-- Opening Marker --

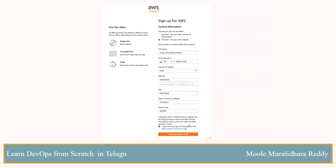Then you will have a dashboard where you can create a business or personal use case. Select a personal use case. Enter your name and mobile number. If you are in India, define your mobile number, then your country, and your full address. Then click on the next step.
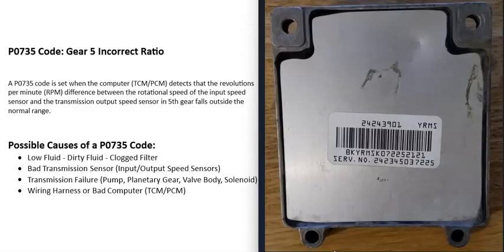And the last thing on the list is going to be that there's some kind of wiring issue, or possibly the computer's gone bad, like the transmission control module, or powertrain control module, or something like that. Basically, just keep in mind that there's any kind of open, short, a blown fuse, anything like this, then that could cause problems.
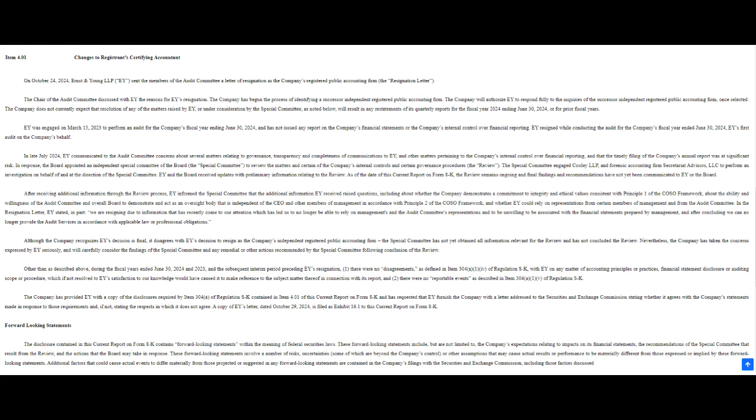And now we have to ask the big question: Can Supermicro recover from this? They're facing an uphill battle for sure. First and foremost, they need to find a new auditor. And that's not going to be easy after EY's very public exit. It's like trying to find a date after your ex just wrote a tell-all book about you. And then there's the whole issue of regaining investor trust. That's going to take time and a lot of transparency. They need to address Hindenburg's accusations head on, not just with vague denials, but with specific evidence. It's like that saying—sunlight is the best disinfectant. They need to shed light on those questionable dealings with suppliers, the potential export violations, everything.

-- Closing Marker --

» **Task details**: Starting with the line that contains "And the last", reproduce every line down to the end of the listing above, both endpoints included. Pictures stay out.

» **Response**:
And the last thing on the list is going to be that there's some kind of wiring issue, or possibly the computer's gone bad, like the transmission control module, or powertrain control module, or something like that. Basically, just keep in mind that there's any kind of open, short, a blown fuse, anything like this, then that could cause problems.
And now we have to ask the big question: Can Supermicro recover from this? They're facing an uphill battle for sure. First and foremost, they need to find a new auditor. And that's not going to be easy after EY's very public exit. It's like trying to find a date after your ex just wrote a tell-all book about you. And then there's the whole issue of regaining investor trust. That's going to take time and a lot of transparency. They need to address Hindenburg's accusations head on, not just with vague denials, but with specific evidence. It's like that saying—sunlight is the best disinfectant. They need to shed light on those questionable dealings with suppliers, the potential export violations, everything.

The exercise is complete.